Dans son habile adaptation de l’œuvre de Joann Sfar, Pascal Neyron a recentré l’intrigue autour des liens unissant le chat à sa maîtresse Zlabya (tome 1), mais aussi autour des questionnements religieux et existentiels du rabbin, qui surgiront notamment lors de son voyage à Paris (tome 3). Le texte est fluide, présente une progression dramatique simple mais habile, permet d’agréables focus sur les pensées de tel ou tel personnages grâce aux lyrics d’Oldelaf. Le livret, surtout, préserve le subtil mélange de légèreté et de profondeur, d’impertinence et de sagesse qui assure depuis vingt ans le succès des œuvres de Sfar.

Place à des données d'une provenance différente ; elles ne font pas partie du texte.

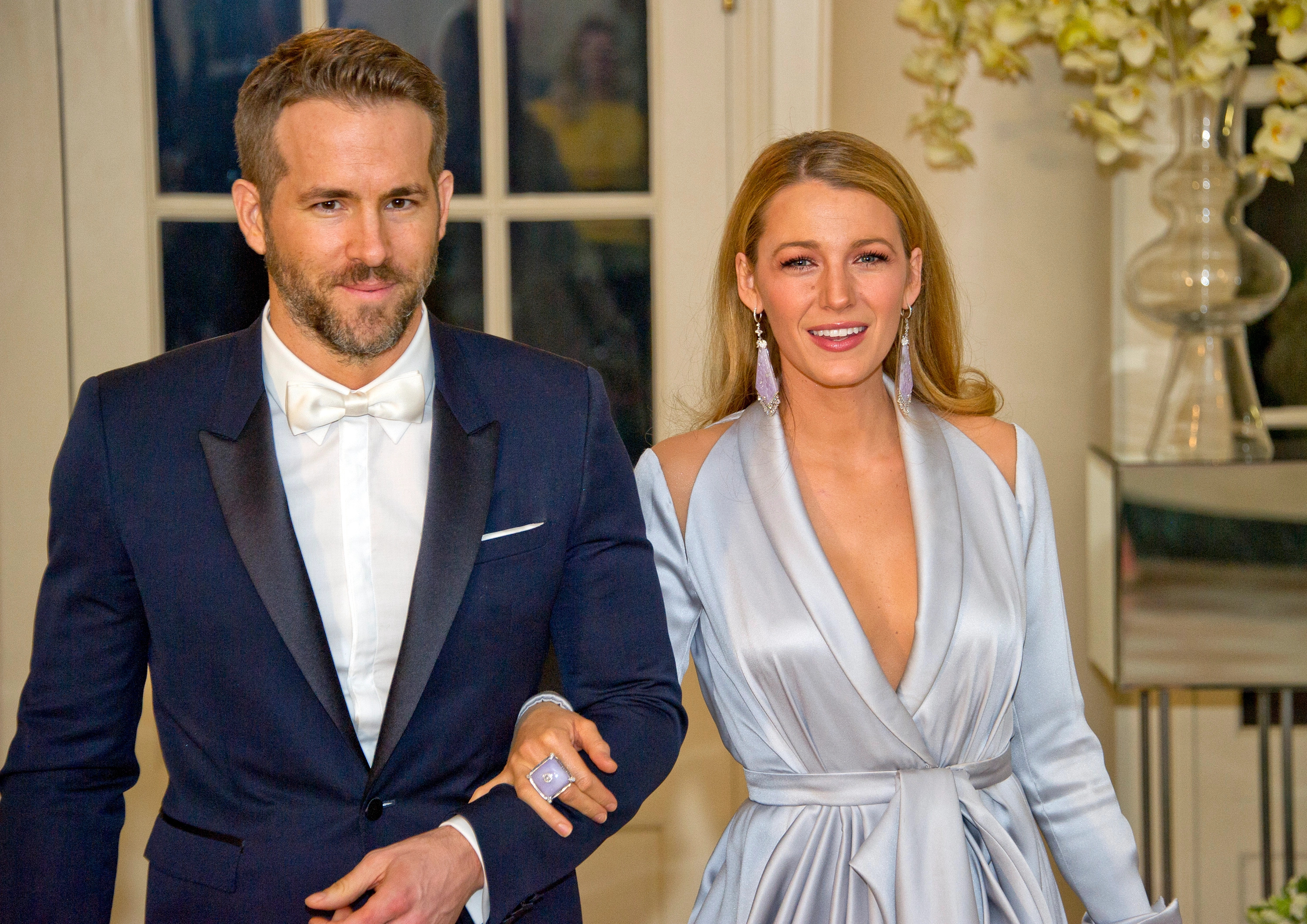 Blake Lively, responds, Ryan Reynolds, birthday wish, 3000x2130 HD Desktop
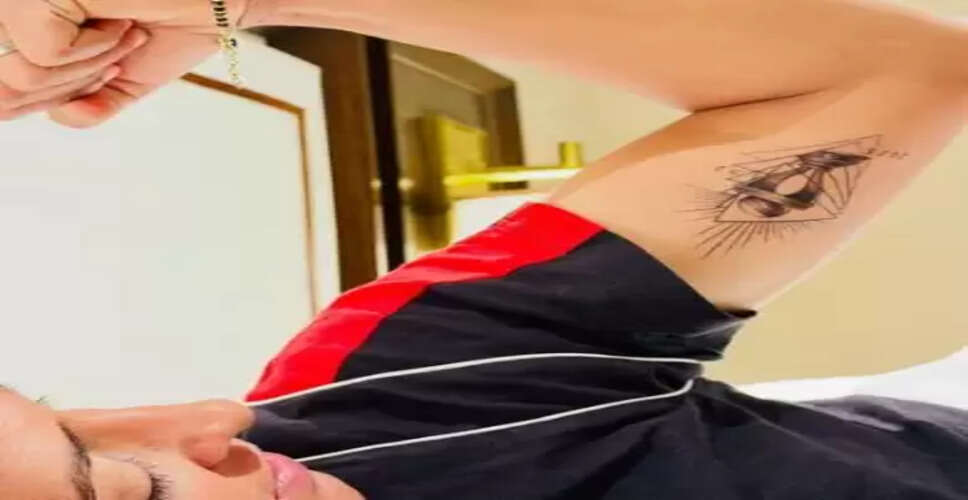 भारतीय कप्तान हरमनप्रीत कौर ने अपनी बांह पर बनवाई विश्व कप ट्रॉफी की 'टैटू'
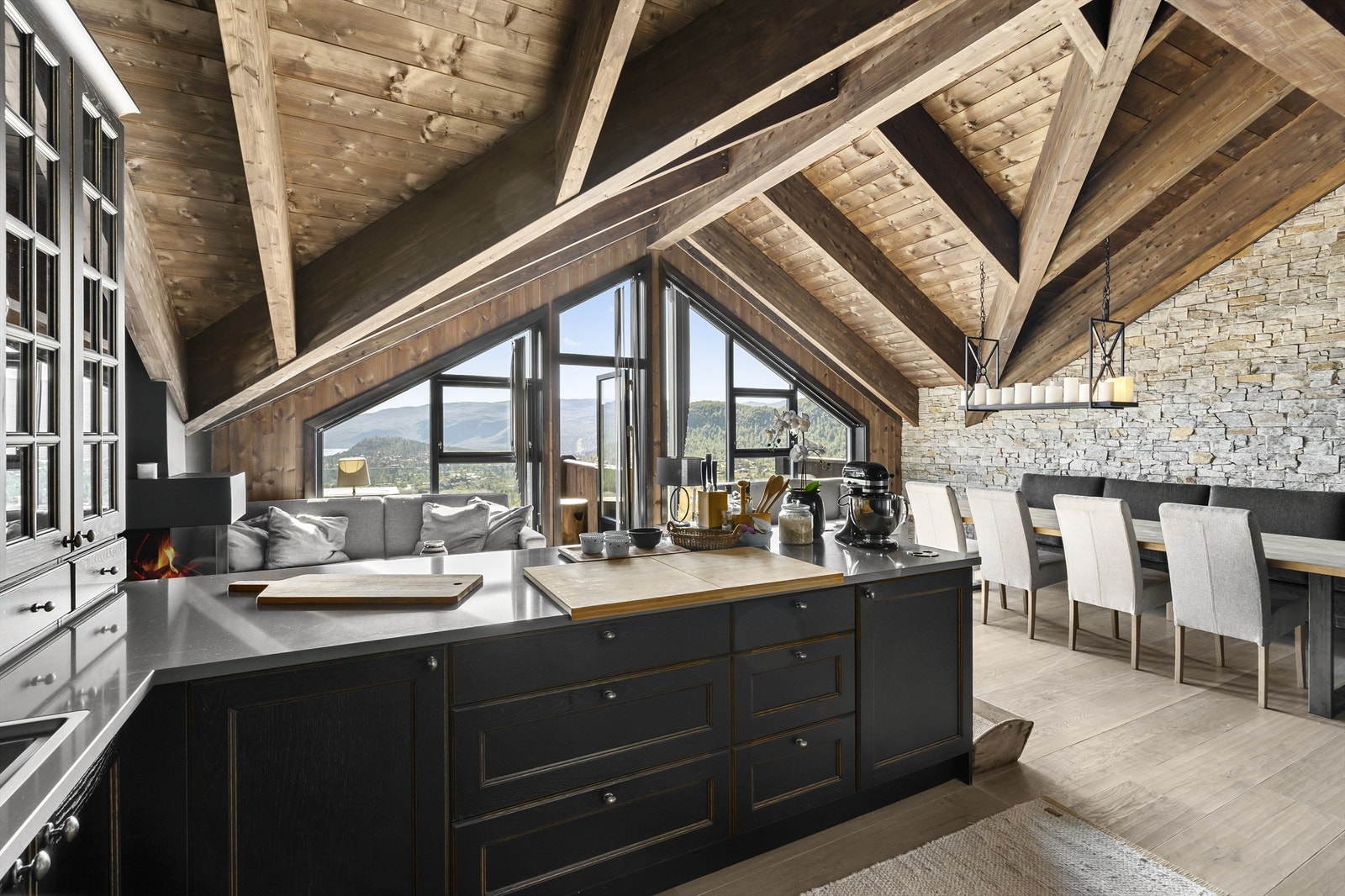 Fra kjøkken mot spiseplass. Fantastisk utsikt. Galleribilde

Le Chat du rabbin - teaser
Pascal Neyron règle également la mise en scène du spectacle. La scénographie conçue par Casilda Desazars est à la fois simple et efficace : les musiciens des Frivolités parisiennes sont présents sur le plateau, et occupent un dispositif qui permettra la projection de vidéos (signées Nathalie Cabrol) tout autant évocatrices que poétiques, faisant habilement voyager le spectateur d’Alger à Paris. Dans ce décor évoluent les quatre acteurs-chanteurs, campant leur rôle avec conviction et humour : bravo à Sinan Bertrand pour l’aisance avec laquelle il endosse les différents rôles qui lui échoient ; à Neïma Naouri pour sa Zlabya subtile vocalement et impliquée scéniquement ; à Jean-Michel Fournereau, qui campe comme il se doit un rabbin à la fois drôle et touchant lorsqu’il sent vaciller les convictions sur lesquelles son existence s’appuyait (« Si on peut être heureux sans respecter la Torah, pourquoi suivre des préceptes qui compliquent la vie ? »). Quant à Richard Delestre, il campe un chat tour à tour miaulant et feulant, mais aussi… parlant et chantant, le fait d’avoir avalé le perroquet de la maison lui ayant en effet conféré le don s’exprimer et de communiquer avec les humains. Ce dont il ne se prive pas, délivrant des leçons de sagesse (sur le libre-arbitre, le pouvoir de la parole, la liberté de croire ou de ne pas croire, d’adhérer aveuglément à un dogme ou de poser sur lui un regard critique, le vivre-ensemble,…) avec sans doute bien plus d’efficacité que ne le feraient de longs discours philosophiques !
Sur le livret de Pascal Neyron et Oldelaf, Mathhieu Michard a déposé une musique dont les références savantes (musiques arabo-andalouses[1], juives, jazz, chanson française du début du XXe siècle…) n’entravent en rien la spontanéité ni la fraîcheur. Le public, conquis, manifeste sans retenue son enthousiasme à la fin du spectacle, dont on espère que d’autres scènes encore pourront prochainement l’inviter.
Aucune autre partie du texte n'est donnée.